Got that? Increase the compression if you want to run rich!!!
Hell, that’s the direct opposite of what the stunt guru’s
say. Can they be wrong? Well of course, otherwise would I
be wasting my time writing this crap for you swine out there?
Talk about Pearls before Swine. I bet your eyes have all glazed
over and you are thinking of the Britney Spears video! Well
stop it, pay attention!!
So how does combustion work in our engines?
Well we seem to have a number of variables. The squish band,
the deck height (squish to piston at TDC distance), the combustion
chamber shape and volume, and the fuel burning characteristics.

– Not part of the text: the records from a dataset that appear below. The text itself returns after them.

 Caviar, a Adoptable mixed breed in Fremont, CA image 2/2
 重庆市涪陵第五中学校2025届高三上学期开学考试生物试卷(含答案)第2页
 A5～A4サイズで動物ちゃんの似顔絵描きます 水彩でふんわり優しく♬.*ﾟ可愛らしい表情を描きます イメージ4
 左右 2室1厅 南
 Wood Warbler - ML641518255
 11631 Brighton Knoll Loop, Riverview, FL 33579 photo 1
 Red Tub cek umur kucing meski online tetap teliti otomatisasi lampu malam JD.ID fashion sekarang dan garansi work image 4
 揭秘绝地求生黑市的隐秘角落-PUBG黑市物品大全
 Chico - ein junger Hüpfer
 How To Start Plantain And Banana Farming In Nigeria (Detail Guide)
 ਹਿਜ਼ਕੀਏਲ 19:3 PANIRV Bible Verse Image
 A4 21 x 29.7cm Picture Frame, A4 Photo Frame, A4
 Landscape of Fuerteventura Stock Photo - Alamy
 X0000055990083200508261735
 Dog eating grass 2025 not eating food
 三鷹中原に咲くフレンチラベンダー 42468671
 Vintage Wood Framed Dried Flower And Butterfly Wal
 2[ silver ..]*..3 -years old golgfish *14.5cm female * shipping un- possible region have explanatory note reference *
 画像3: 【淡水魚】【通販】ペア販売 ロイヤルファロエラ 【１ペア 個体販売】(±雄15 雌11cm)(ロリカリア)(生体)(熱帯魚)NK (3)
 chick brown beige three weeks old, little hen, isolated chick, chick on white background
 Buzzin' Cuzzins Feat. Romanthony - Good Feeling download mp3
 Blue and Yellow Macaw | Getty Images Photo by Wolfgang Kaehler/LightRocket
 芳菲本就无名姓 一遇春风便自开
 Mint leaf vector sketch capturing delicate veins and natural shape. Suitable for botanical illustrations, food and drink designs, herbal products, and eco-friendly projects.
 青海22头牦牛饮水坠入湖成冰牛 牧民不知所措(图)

Let’s do the last first. The fuel/air mixture
is ignited by the constantly glowing platinum plug: a flame
front then spreads out over the combustion chamber. The speed
of this front is important, as the piston is only in the right
position to accept pressure from the burning gas for a very
short time. We also want the right ratio of fuel to air, which
is ultimately determined by the needle valve setting.
But having the right ratio is not enough. The
fuel and air must be intimately mixed for controlled burning
to occur. This is not so easy, such mixtures do not form spontaneously:
they must be forced to mix. This is the job of the squish
“Squish is the name given to the radially inward
gas motion that occurs toward the end of the compression stroke
when a portion of the piston face and cylinder head approach
each other closely”. Thus spake John B. Heywood in “Internal
Combustion engine Fundamentals, page 353. 500 pages later
he tells us some more. “The impact of radially inward squish
motion (see page 353) on in-cylinder turbulence, and hence
combustion, is unclear” !!!!! Thank you John, well Hello!!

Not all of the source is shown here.